7 Cheap Open-World Games To Pick Up And Explore From Xbox’s Sale

7 Cheap Open-World Games To Pick Up And Explore From Xbox’s Sale

I associate the fall with coziness. There’s little better to me than a cool autumn weekend spent on the couch rewatching some of my favorite shows and movies or picking at a particularly lengthy game. The days are getting shorter and the nights are growing long again, and as we naturally begin spending less time outside due to the cooling of the temperature, why not mark the occasion with a great new adventure?

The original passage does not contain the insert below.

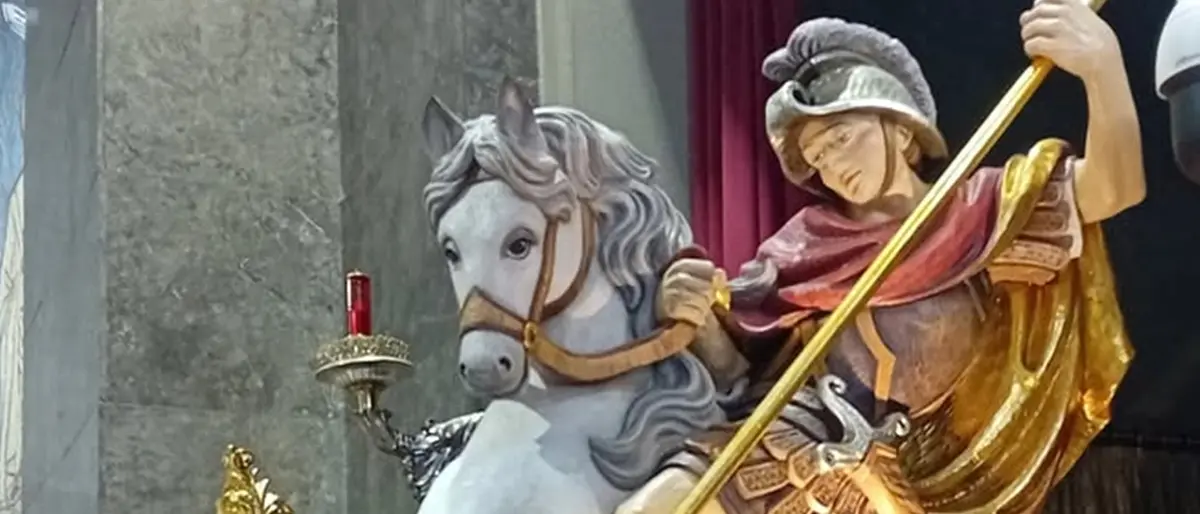 San Giorgio e la Madonna della Consolazione, la ricca e peculiare identità religiosa del popolo di Reggio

Fall is also when most big developers and publishers begin pushing their biggest releases, since it comes just ahead of a whole bunch of consumer-friendly holidays, such as Black Friday and Christmas. So maybe it’s quite natural after all that I think about big ol’ open-world games like Red Dead Redemption 2 when this time of year comes around. After all, I’m positive most of these games came out in the back half of their respective years, so my brain’s just connecting the dots. Anyways, Xbox is holding a sale on a bunch of open-world titles until September 23, so here are the absolute best of the bunch to pick up.

Red Dead Redemption 2

Everyone (and I do mean everyone) is waiting for Rockstar to provide any more news on Grand Theft Auto 6. It’s the most anticipated game in several years, which comes as little surprise given the sales numbers and acclaim for Rockstar’s last two games, 2018’s Red Dead Redemption 2 and 2013’s Grand Theft Auto 5. But while most everyone has definitely played the latter, the former still feels like an acquired taste, and never took off as dramatically as the studio’s lead franchise. That feels like a shame because Red Dead Redemption 2 finally sees Rockstar in its absolute best shape.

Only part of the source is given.